Producer price index rose by 2% in Q4 of 2017: Instat
The producer price index rose by 2% in the last quarter of last year. According to Instat, the growth was at the same level as in the third quarter, while last year’s trend for this indicator is upward.
Since the end of 2016, the index of production prices has returned to positive values, which warns of an increase in pressures for higher inflation of consumer prices.
The production price index measures the prices with which they are marketed by the producers, thus giving an orientation over consumer prices in the immediate future.
If manufacturers raise prices, more likely this increase will also be reflected in the prices with which consumers buy retail goods.
An increase in production prices is important for enterprise performance, as it implies more incentives to increase output, employment, and wages in the future.
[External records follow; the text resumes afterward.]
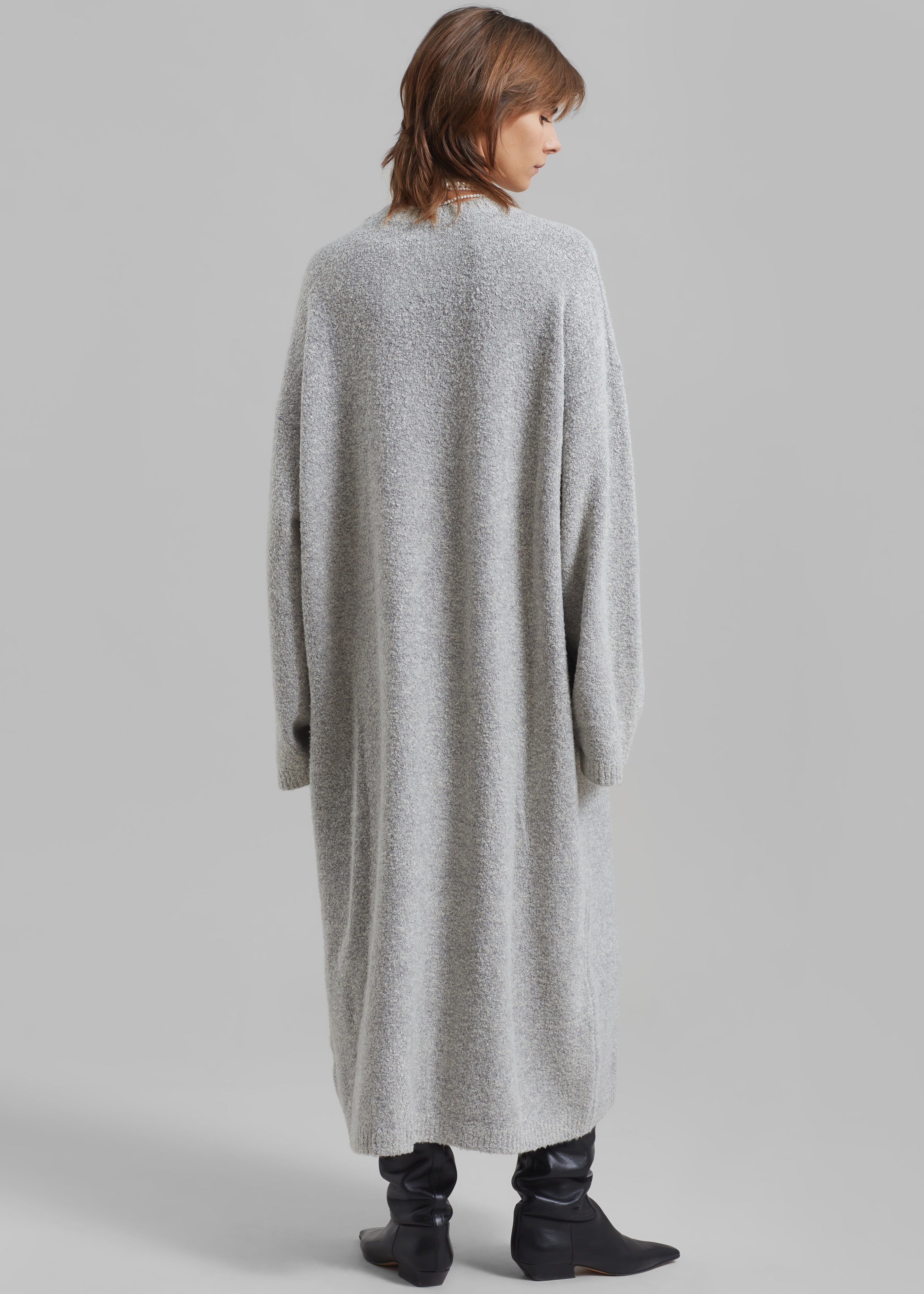 Alba Long Hooded Dress - Grey - 7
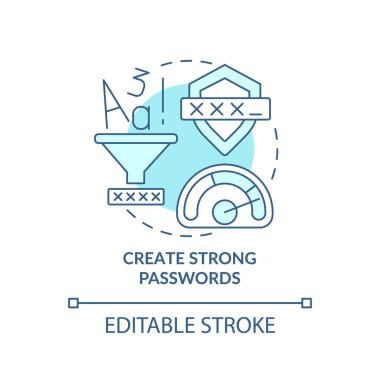 Güçlü bir parola turkuaz konsept simgesi oluştur. Giriş güvenliği. Güvenilir kilit veri soyut fikir ince çizgi çizimi. İzole bir taslak çizim. Düzenlenebilir felç. Arial, Myriad Pro-Kalın yazı tipleri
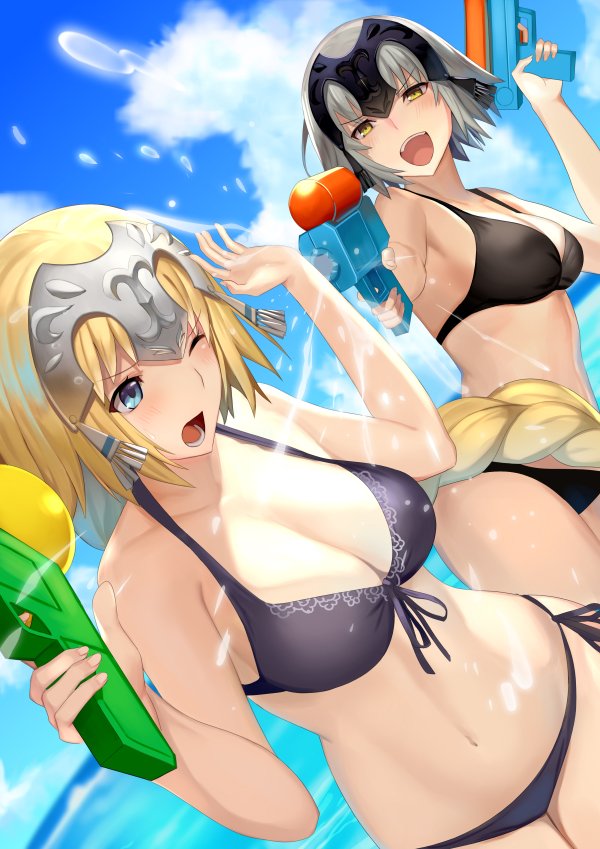 jeanne d'arc alter and jeanne d'arc (fate and 1 more) drawn by km_yama
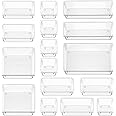 Lychico 16 Pcs Clear Plastic Drawer Organiser Trays for Versatile Storage, Customizable Layout, BPA-Free and Durable, for Makeup, Bedroom, Office, Kitchen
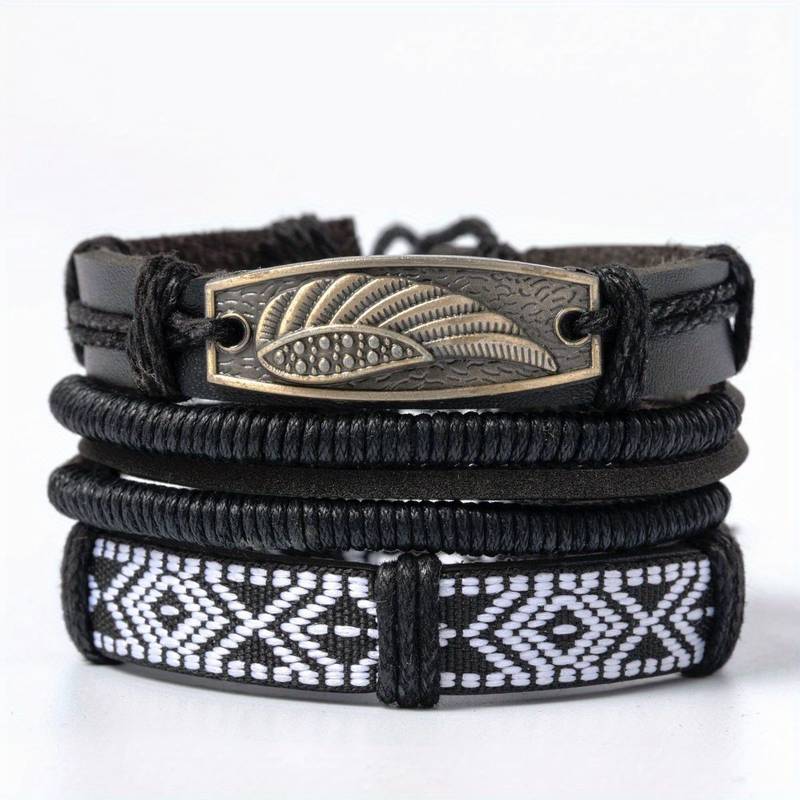 Classic Surfer Braided Leather Wristband Bracelet Men's Cuff - Vintage Black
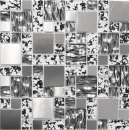 Glass mosaic mosaic tiles stainless steel black silver steel structure MOS88-0203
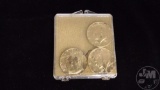 (3) GOLD PLATED KENNEDY HALVES, 40% SILVER, (2) 1967'S AND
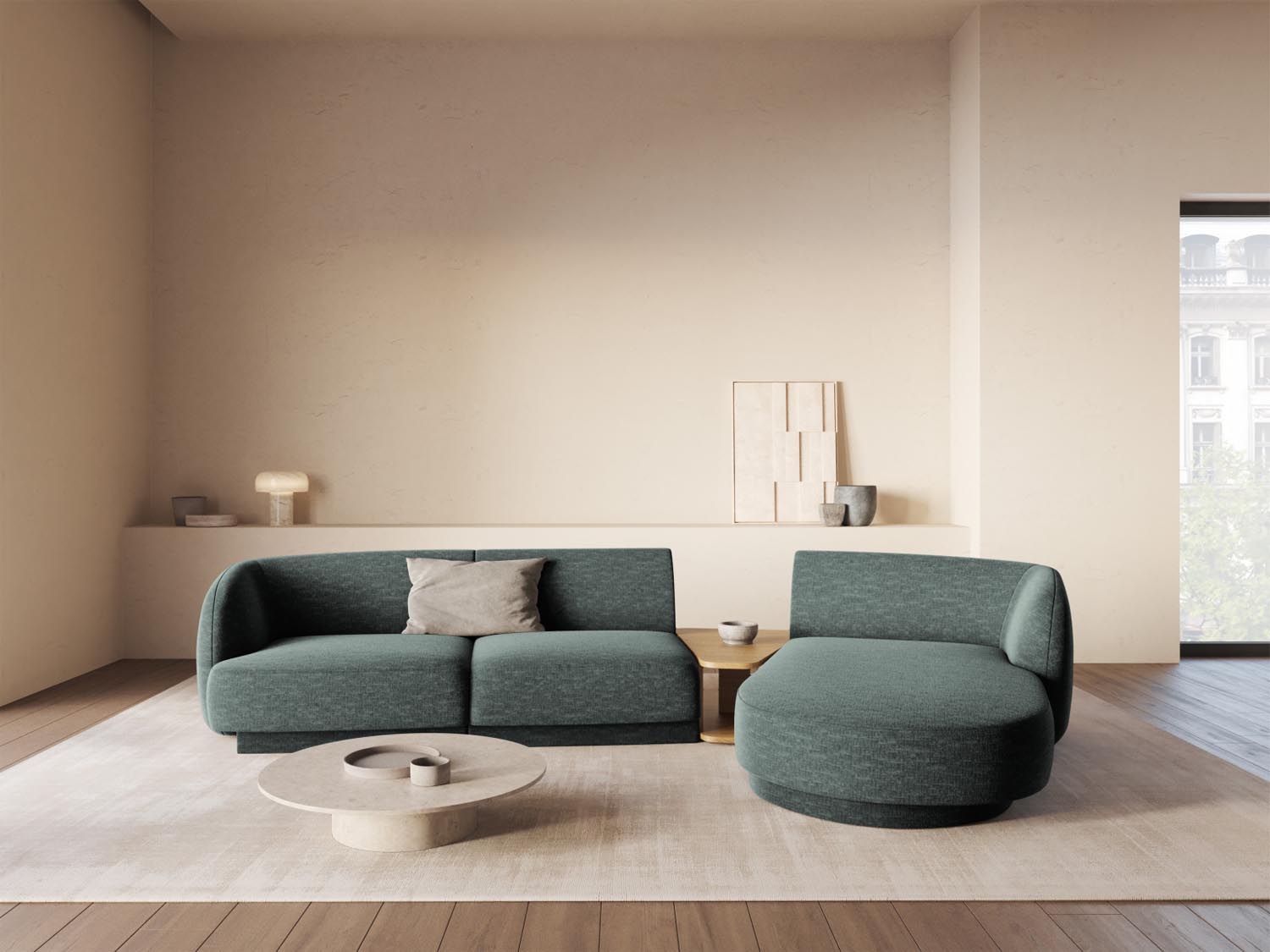 Elegantes Miley Modulares Sofa in Petrol-Haga, 3-Sitzer, rechtsseitig, ideal für stilvolle Wohnräume, präsentiert von Micadoni.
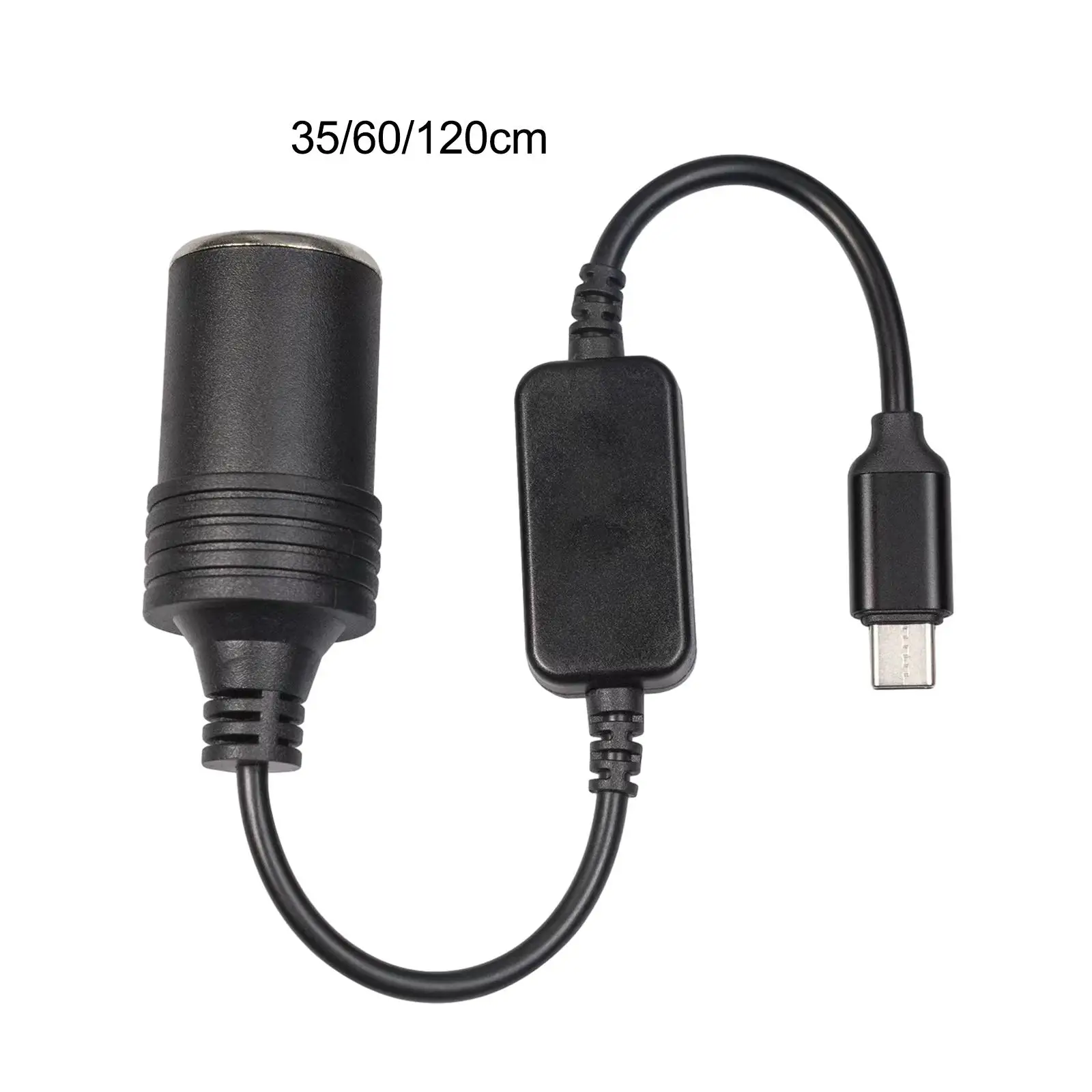 5V USB C Male to 12V Car Cigarette Lighter Female Converter Cable Professional Max Output 12V 1A for Driving Recorder GPS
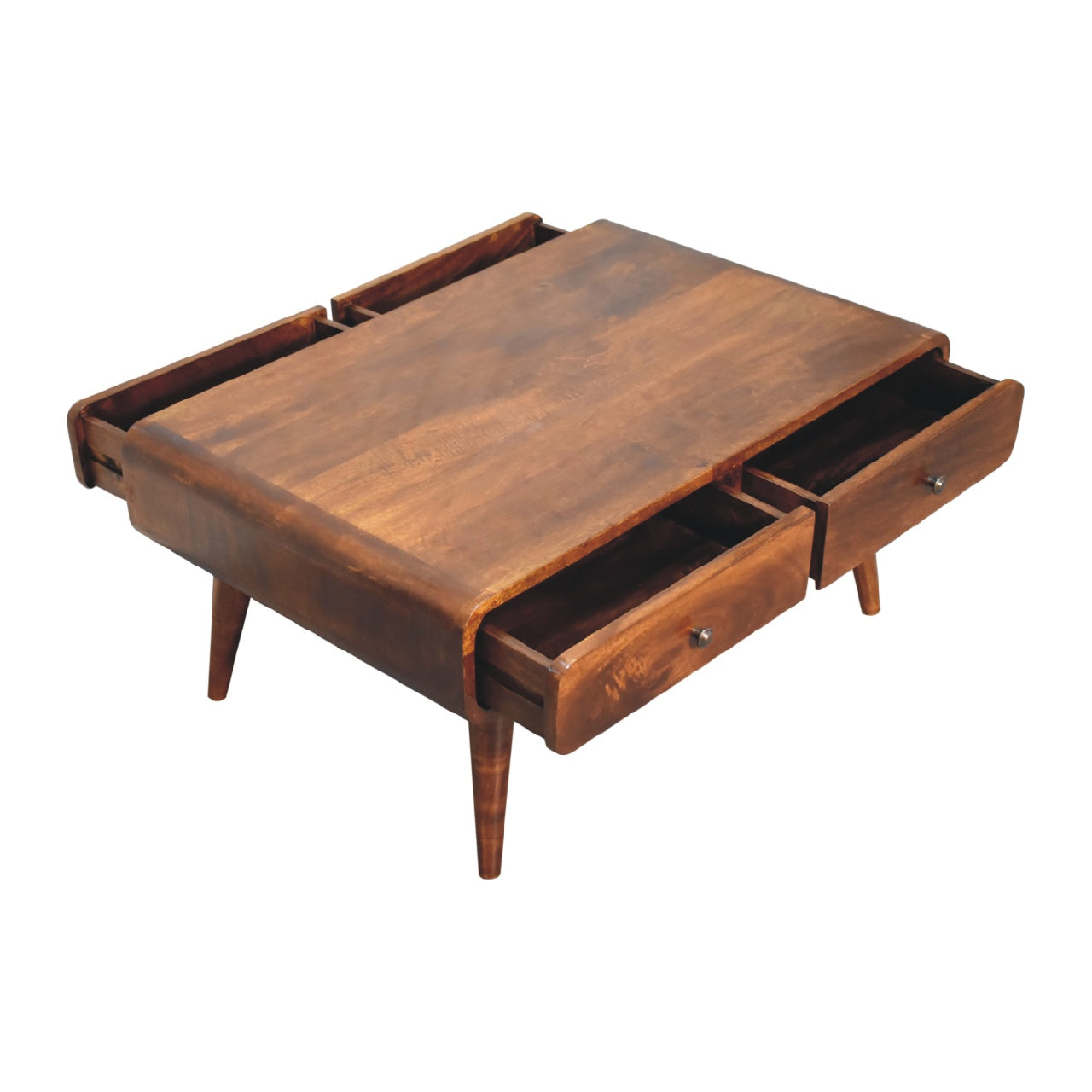 Midcentury modern coffee table with warm walnut finish and open storage drawers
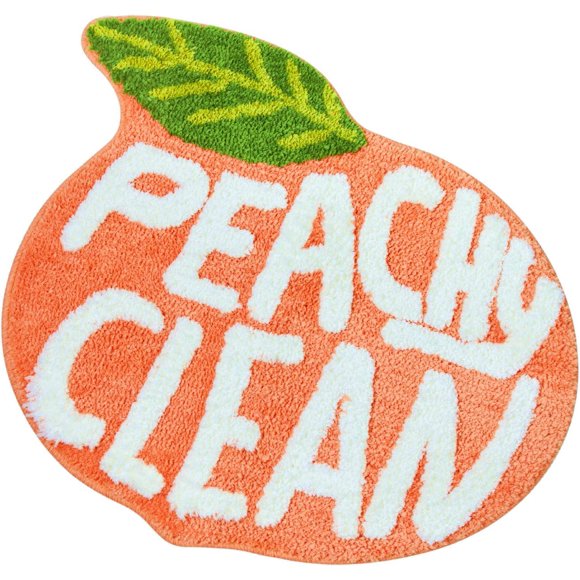 LAICAIW Peach Clean Bath Mat, Bathroom Decor Area Rug Peachy, Soft & Absorbent Plush Coral Fabric, Also for Bedroom Children’s Room, Non-Slip Washable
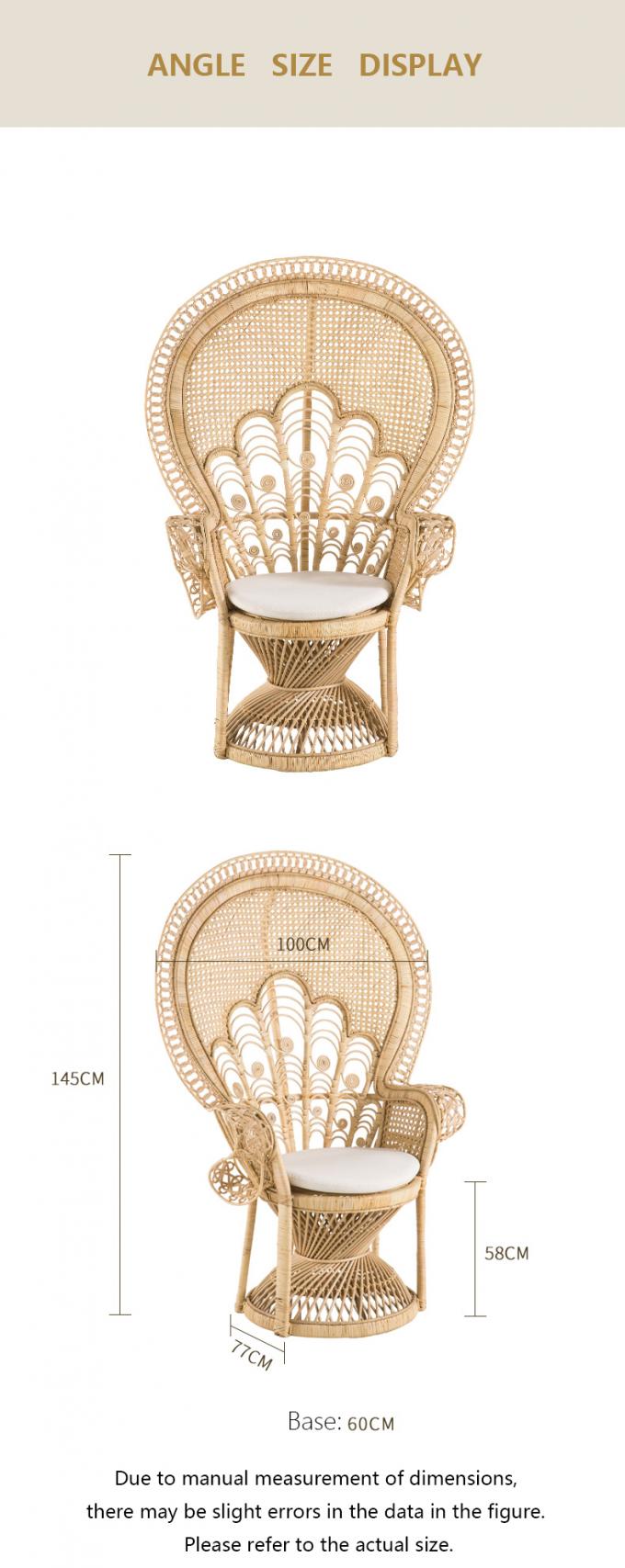 Wooden Rattan Arm Chair Outdoor Wicker Peacock Furniture 10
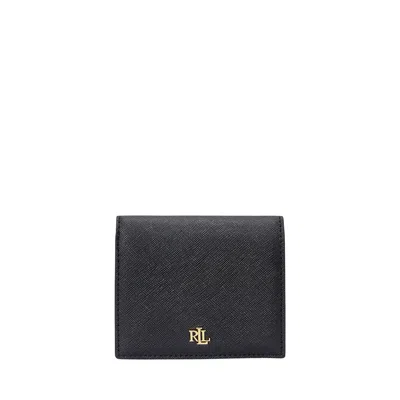 Ralph Lauren Crosshatch Leather Compact Wallet In Black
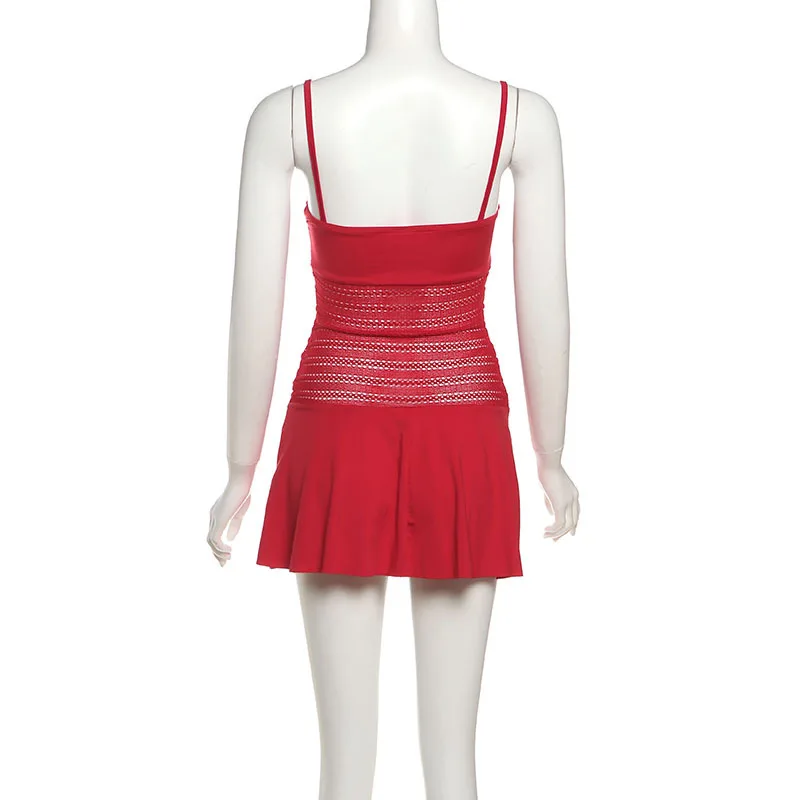 Mini abito sexy con cinturino Spagehetti da donna 2025 Moda estiva senza maniche Backless Off Shouder Mesh Abiti corti aderenti eleganti
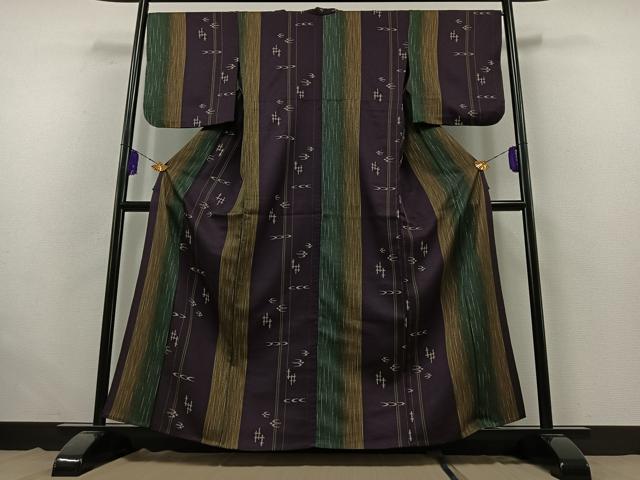 平和屋着物▽小紋 単衣 琉球絣文 洗える着物 AABB6230jh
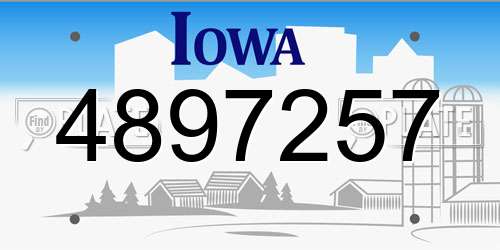 4897257 Iowa License Plate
According to INSTAT, the growth in domestic production prices for the fourth quarter was driven by industry output, by 7.8%, while specifically the growth in the oil extraction sector was 11.7% higher compared to the same period of last year.
As far as the processing industry is concerned, the sector that holds more weight in production, growth in the fourth quarter 2017 was somewhat contained, at 1.6%.
However, in the segment affecting most consumers, namely, that of food and beverage industry, the production price index remains negative, which means prices are still falling.
This is largely related to low prices of imported raw materials but also to a still unconstrained domestic demand.
The PPI compares the average costs of a standard set of products, often called a basket of goods, over time at the wholesale level. Wholesale, meaning, the cost before a product gets to the consumer.